Sunday, October 9, 2011

Romance in YA Fantasy

Are the current romance trends really such a big deal?

Fuck Yeah Pretty Girls Reading!

Fuck Yeah Pretty Girls Reading!   (clipped to

There has been a lot of controversy of late about whether books are acceptable for certain ages and the banning of books, but what I want to discuss is how some readers have been reacting to another "issue" in teen literature. Romance is one element that is incorporated into many stories for the entertainment value and to encourage interest in a book, but  some teens argue that people are left with unrealistic values when it comes to picking out possible suitors or that the way the romance plays out is unrealistic and instead attracts girls to the wrong guys. Are fantasy authors really at fault?

Prince charming; He was in fairy tales when we were children, he was Mr Darcy in the 1800s and he is known as either Edward or Jacob today. Who is prince charming and what makes him so appealing to teenage girls? Many people argue that the type of male depicted in YA Romance does not exist or really isn't that charming... My mother always taught me that it's what's on the inside that counts. Yes he may have super powers and a hot body, but if he treats girls like trash then he's not the sort of man you want to be pining for. If you're looking for a guy with a beautiful body and face he may not be the nicest guy and vice versa, no one is perfect. Those tales with "perfect" guys are a work of fiction, these girls need to remember that.

Sometimes critics to go overboard with this by saying that the likes of Edward Cullen is one of these men that treats women badly. I  don't think so. Yes he has rejected a few girls at his high school, but would you want to go out with someone you didn't have feelings for? Yes he has had the odd spat with/at Bella, but if you were a bloodthirsty vampire trying to hold back from a human you loved, you would be pretty cranky too. Let's face it classic romantic heroes like Mr Darcy, Heathcliff and Mr Rochester weren't exactly the nicest acting guys out there either.

These novels aren't much different from teen movies and adult chick-lit novels. They are all works of fiction where the unlikely happens and people fall in love. For some reason people seem to be constantly bagging out these teenage fantasy stories when there are so many other occurrences of unlikely romance in other genres of entertainment.
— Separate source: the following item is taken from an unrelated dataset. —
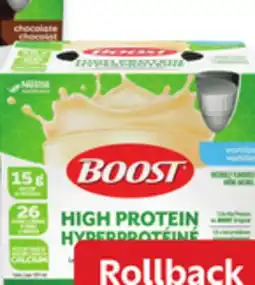 Walmart Boost high protein meal replacement offer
One could even argue that many love songs are false and stupendous. These are all things that are good in moderation. Much like the argument about the type of males that teenagers are drawn to maybe the impact of the book on the reader has more to do with the reader's sense of reality.
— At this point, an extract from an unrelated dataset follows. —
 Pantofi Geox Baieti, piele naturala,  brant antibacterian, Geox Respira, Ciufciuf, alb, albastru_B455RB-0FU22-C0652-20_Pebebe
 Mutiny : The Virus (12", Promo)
Another problem that I see reviewers having with these novels is the similarities in story-line. Love at first sight, that typical guy hero that would die for his girlfriend and the tragic recurring timeline. Yes I agree that the whole concept of love-at-first-sight is a little dodgy and does occur a little too frequently in this genre, but these are teenagers we are talking about. To them love has a different meaning. They love Justin Timberlake or Puck from 'Glee'. They love some guy they have been dating for two weeks and soon enough they have broken up with him and 'love' someone else. It's pretty silly really, because many of these characters do have a fair amount of arguing or playing hard to get with these love interests in the story. Really the whole love-at-first-sight thing is just the main character admiring the hero's appearance and nothing more. They fall in love later.
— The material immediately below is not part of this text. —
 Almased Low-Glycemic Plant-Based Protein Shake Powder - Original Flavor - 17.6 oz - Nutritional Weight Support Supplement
The next typical story line is the tough macho guy who has to save the damsel in distress even if that means dying for her. I definitely agree with this. It's nice that he cares about her and all, but sometimes a woman can stand up for herself. We are in the 21st century and I believe a movement called 'Feminism' is very real and has been very real in our society for a fair while now. So I definitely agree with this concern. It does sometimes seem a little bit like we are being encouraged to think otherwise. It doesn't bother me though if the two characters are just working through it together doing an equal amount of work to save the day or if the heroine becomes hurt and needs rescuing.

Another typical story-line is one which involves reincarnation. Either  two characters are reincarnated and meet again in other lifetimes where tragedy occurs each time because they are cursed and they must break the curse or one character is reincarnated whilst the other is immortal and they try to find each other in each lifetime so the other one can be immortal too. Characters either have a special 'memory' or dream about past-lives and have that instant attraction to each other. It does bother me how common this story-line is in books because it doesn't seem very original. Then again how many different story-lines are there? There are a lot of YA novels and many stories do seem very similar. They all have an introduction a problem and then an end.

There is a book called 'The Seven Basic Plots' which I have not read, but assume covers most story-lines in great detail. I have gotten to the point where I am more interested in the unique touches authors add to these story-lines to make it different. If someone really enjoys that type of story then they should get to read it over and over again. Why do these critics who continually winge about paranormal romance continue to read these types of books. After reading the blurb or a few chapters you can normally tell what sort of story it is going to be.

There always seems to be something else though. If  a reader finds a smidgen of romance they get annoyed. Why couldn't the book just be fantasy? I don't know what the problem is. Romance occurs in real life so why wouldn't it occur in make-believe? Why the love-hating?

In Conclusion I think that authors are really not at fault for these trends and the consequences of them. I think that there is a big market for these kinds of novels because teens are drawn to them. I believe that the novels are harmless and that any 'harm' created was probably the reader's own doing. They can think for themselves. I also think this 'harm' is exaggerated by cranky critics who are stuck in the wrong genre and like to take everything too seriously. Personally I judge a book  based on the characters, the atmosphere, the quality of the writing and the unique touches rather than the story line. What do you think about romance in YA Fantasy novels?